In order to validate our choice of preprocessing pipeline we compared the count matrices from two commonly utilized scRNA-seq preprocessing pipelines CellRanger and kallisto | bustools. The main difference between these pipelines is while CellRanger uses the conventional splice aware aligner STAR, kallisto uses a pseudoalignment process. Pseudoalignment is a rapid k-mer based algorithm that uses a de Bruijn Graph of the reference database to identify potential matches for a query sequence without actually aligning the whole query sequence and uses an expectation maximization (EM) algorithm to resolve multiply-mapped reads.

For additional documentation of how we installed and ran these pipelines click the following links:
CellRanger
kallisto | bustools

Results

Figure 1. QC Metric Comparison

Figure 1. QC Metric Comparison

Figure 1 shows overall percent higher alignment to the transcriptome for kallisto and overall higher gene counts. Cells with higher gene counts are considered to be more informative for clustering and downstream analysis.

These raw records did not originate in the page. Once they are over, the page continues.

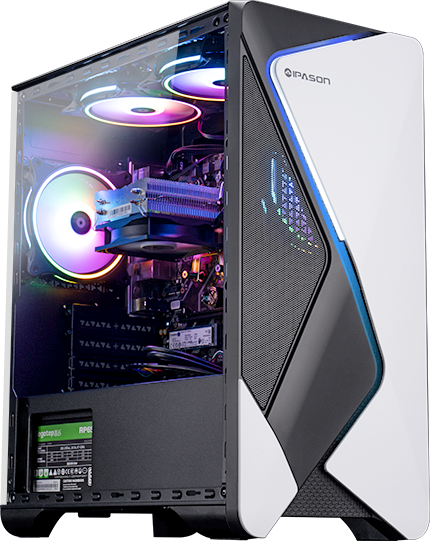 Ipason Battlefield S7 AMD Ryzen 5 5600G 6x Cores 12x Threads up to 4.4GHz Radeon Grap hics DDR4 16G 3200MHz Kingston Nvme 1T M.2 SSD Windows 11 Home Gaming Desktop PC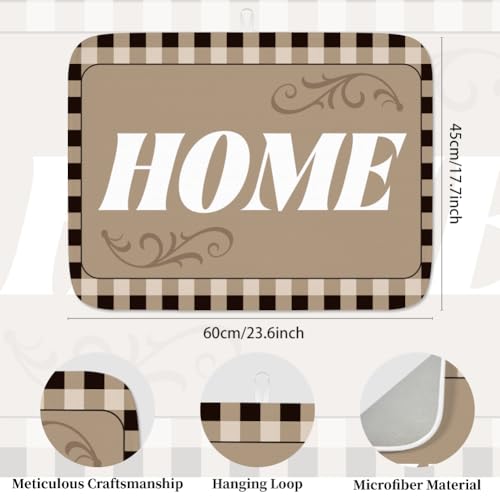 Checkered Dish Drying Mat for Kitchen Counter 18"x24" Home Absorbent Dish Drainer Mat Anti-Slip Quick Dry Heat Resistant Coffee Bar Pad for Table Faucet Sink Coffee Bar Refrigerator - style: Home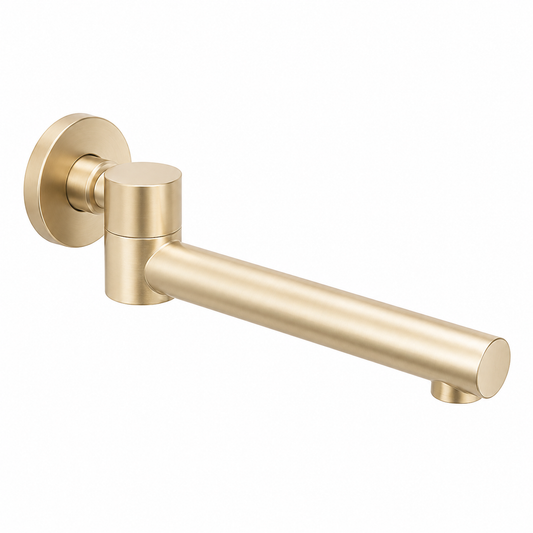 LBG0004.BS Lucid Pin Light Brushed Gold Swivel Round Bathtub/Basin Spout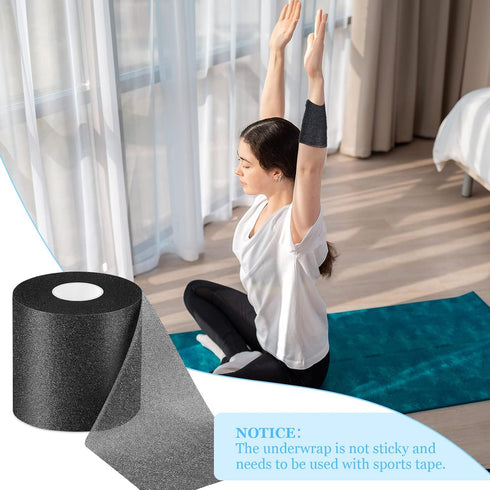 30 Yards Athletic Foam Underwrap Tape, Pre-wrap Bandage for Wrists, Elbows, Knees, Ankles, Hair, 2.76 Inches (Black)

Figure 2.Notable Differences in Detection

Figure 2.Notable Differences in Detection

Note: For protein coding genes absolute differences less than 6 were removed for visualization.

Figure 2 shows the differences in gene detection between the pipelines by subtracting the average count per cell from CellRanger from the average count per cell from kallisto. Negative values indicate higher detection for CellRanger and positive values have higher detection in kallisto.

Figure 3.Notable Differences in Gene Type Counts

Figure 3.Notable Differences in Gene Type Counts

Figure 3 shows differences for the categories that had notable differences in counts for gene type categories detected for each pipeline.

Table 1.Gene Types That Higher Detection in Kallisto
Gene Types % Higher in Kallisto
Total Genes 55.76
Protein Coding 58.86
lncRNA 33.58


Table 2. Gene Families Detected by kallisto
Prefix Count
Olfr 287
Vmn 113
Slc 9
Ces 4

The results of the comparison show kallisto is the better choice for our data and captures more genes in multiple gene type categories.